- What is expected
Of the entries below, copy only those lines that contain the word "Photo".

- Saved entries
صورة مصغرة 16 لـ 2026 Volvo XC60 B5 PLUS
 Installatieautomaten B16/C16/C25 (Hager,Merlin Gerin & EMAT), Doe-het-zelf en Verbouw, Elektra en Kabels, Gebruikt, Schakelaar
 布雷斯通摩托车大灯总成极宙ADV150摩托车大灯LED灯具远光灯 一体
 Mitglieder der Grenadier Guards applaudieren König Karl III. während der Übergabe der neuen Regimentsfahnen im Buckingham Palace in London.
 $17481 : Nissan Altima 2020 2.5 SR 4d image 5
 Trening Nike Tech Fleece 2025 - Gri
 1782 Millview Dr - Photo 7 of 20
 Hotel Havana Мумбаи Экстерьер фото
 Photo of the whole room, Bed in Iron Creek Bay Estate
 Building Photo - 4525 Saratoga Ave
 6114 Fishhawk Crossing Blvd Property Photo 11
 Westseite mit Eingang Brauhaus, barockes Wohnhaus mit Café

- Response to the task
 1782 Millview Dr - Photo 7 of 20
 Photo of the whole room, Bed in Iron Creek Bay Estate
 Building Photo - 4525 Saratoga Ave
 6114 Fishhawk Crossing Blvd Property Photo 11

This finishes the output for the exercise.